Sunday, May 29, 2011

How to convert multi-page HTML e-book for Kindle

Recently I've got link to the interesting e-book Architecture of Open Source applications. Because I prefer to read books on my Kindle and there was no MOBI version I've decided to prepare it myself. Here is step-by-step guide on how to convert multi-page HTML to format suitable for Kindle on your Ubuntu/Debian/Other linux.

Getting data

First of all we need to get HTML/CSS and image files to local machine. On my machine it's as simple as:
$mkdir ~/aosabook; cd ~/aosabook
$wget -I en,images -nd -r -k -l 3 http://www.aosabook.org/en
We want to download all documents recursively but only from en and images directories, don't create directory structure to local copy and replace paths in html documents so they're locally referenced. For more details check man wget.

Convert to single HTML

Now we have all data downloaded in ~/aosabook and to check whether book is readable we just have to open file:///home/aosabook/ in browser.
Because the structure of the web is multi-page, we have to do additional step. Convert the multi page document into single page. I've used htmldoc utility for this.
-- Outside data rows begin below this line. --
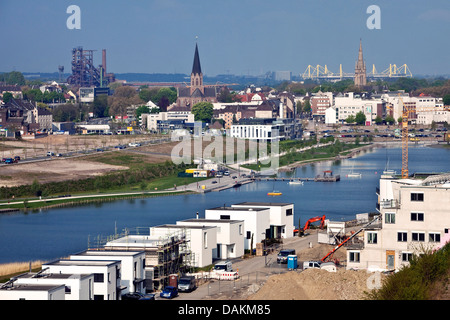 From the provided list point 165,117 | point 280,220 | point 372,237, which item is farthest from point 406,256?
point 165,117

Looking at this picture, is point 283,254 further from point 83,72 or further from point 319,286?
point 83,72

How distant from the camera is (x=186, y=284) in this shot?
353 inches

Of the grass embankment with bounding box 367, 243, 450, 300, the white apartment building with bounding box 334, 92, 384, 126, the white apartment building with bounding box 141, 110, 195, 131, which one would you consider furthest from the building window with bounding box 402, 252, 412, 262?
the white apartment building with bounding box 334, 92, 384, 126

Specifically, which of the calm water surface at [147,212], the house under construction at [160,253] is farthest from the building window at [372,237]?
the calm water surface at [147,212]

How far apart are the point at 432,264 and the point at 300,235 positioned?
552 centimetres

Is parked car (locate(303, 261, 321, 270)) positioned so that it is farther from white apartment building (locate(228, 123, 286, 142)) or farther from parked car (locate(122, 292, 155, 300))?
white apartment building (locate(228, 123, 286, 142))

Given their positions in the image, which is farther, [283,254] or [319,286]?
[283,254]

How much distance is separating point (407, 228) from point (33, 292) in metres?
3.90

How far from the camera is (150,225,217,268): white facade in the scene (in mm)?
10328

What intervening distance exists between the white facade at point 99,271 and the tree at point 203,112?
37.4m

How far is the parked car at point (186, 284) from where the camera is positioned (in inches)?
352

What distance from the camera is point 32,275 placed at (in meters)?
7.91

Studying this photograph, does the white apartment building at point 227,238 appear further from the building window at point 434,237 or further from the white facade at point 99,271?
the white facade at point 99,271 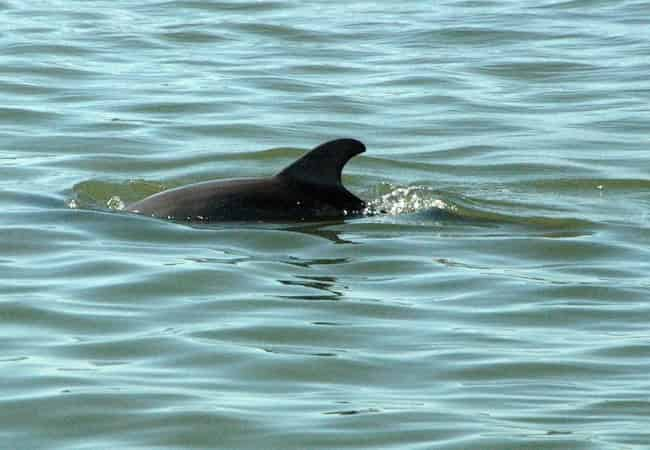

Run htmldoc and do following:
  • input tab
    • choose Document Type: Book
    • Use add files button to add all html files from ~/aosabook/
    • Select cover image
  • output tab
    • set output to file
    • set output path to ~/aosabook/aosabook.html
    • set output format to html
Play with some other options namely width (set it to 600px for kindle 3) and hit generate.

Convert to Mobi

In order to convert to MOBI format suitable for Kindle, I've just added generated aosabook.html as book to Calibre (you use calibre for your kindle management right?) and clicked on book to convert to Mobi and upload to device.